Ah yes, and there's also the matter of that global economic meltdown we've been hearing so much about on the news. (Okay, okay, the one I would be hearing about on the news, were it not for the fact that all my knowledge of national affairs comes from what I can glean by watching Oprah.) But even if your employment prospects aren't getting snookered by the liquidity crisis (the term hiring freeze is destined to be part of the spooky campfire tales that graduate students tell their children), odds are you would benefit from some belt-tightening. So, I have some words of wisdom on this front.
1) Make a Spreadsheet: I don't mean to get all Suze Orman on y'all, but financial planning is only path to spiritual wholeness and reconciliation with your estranged father. But seriously, make a spreadsheet, stick to it. I've budgeted myself $45 bucks a month for games and I've stuck to it, I don't think I've missed out on anything.
2) Play Old Games: I loves me some new games. Fresh, topical games. But buying every new release on launch day is a one-way ticket to penuryville (population: you). If this season's ridongculous release schedule has taught us anything, it's that noone has the financial or temporal resources to navigate the release calendar. I've made some tactical forays into the new releases (Fallout 3, LittleBigPlanet, and Rock Band 2 made the cut), but beyond that I've seen that holding off can net big discounts.
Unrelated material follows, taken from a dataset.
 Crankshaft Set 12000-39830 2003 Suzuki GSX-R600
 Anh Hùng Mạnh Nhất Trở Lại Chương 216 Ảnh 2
The big outlets like Gamefly always have too many copies of the AAA titles, and if you hold off for a six months or so you can get these games at 1/3 their cover price .
And those old games aren't getting any less good. They're only getting cheaper. I've been playing Killer 7 the last few weeks; it set me back 8 dollars on ebay. Ditto with Fallout 1&2. If you're at all like me, there's scads of top-shelf titles you've missed out on during their four-month bell curve; odds are that many of them are laying in that pile next to your gaming system already. Summon this pile of shame to mind next time you are within purchasing distance of new games. Imagine that your mind is a deep, still pool of water.
3) eBay, not Gamestop:I can't think of a suitable metaphor for Gamestop's conduct w/r/t the consumer that does not involve sexual assault. Never sell them your games. Gamestop's used-game trade-in business is a racket that would make Jimmy Hoffa blush like a Lousiana débutante. Selling your old games and systems on eBay, on the other hand, is a good deal.
Fellow video game collector, your fetishism is understandable. To this day I remain compulsively attached to nearly every book I own, even the ones I actively despise. (I'm looking in your direction, Tropic of Cancer.) I tell myself I will want to reread them in the future, to but this is patent mauvaise foi. The benefits of self-overcoming in the case of your video game collection fetishism are substantial. Selling off games after you've completed them on eBay goes a long way towards defraying the cost of new stuff. I was intimidated by selling stuff online but the people at eBay have conspired to make it extremely easy. Hit up Staples for some padded envelopes and you're in business.
4) Don't Frequent Places Where you Might Purchase Games: My girlfriend is really into the food industry, and she reads all these books about how food industry conducts psychological warfare on the consumer by subtly manipulating the disposition of products in the supermarket-- the size and shape of the packaging, the placement of the products on the shelves. I am 100% certain that these same scoundrels who embarked on this program of hypnotism-through-product-arrangement have unleashed their reams of empirical research on the arrangement of game stores. Basically don't enter the places unless you have something specific in mind. Idly perusing the shelves gives the mind-control gas time to take effect.
5) Credit Card Debt is Deadly Poison: That is all.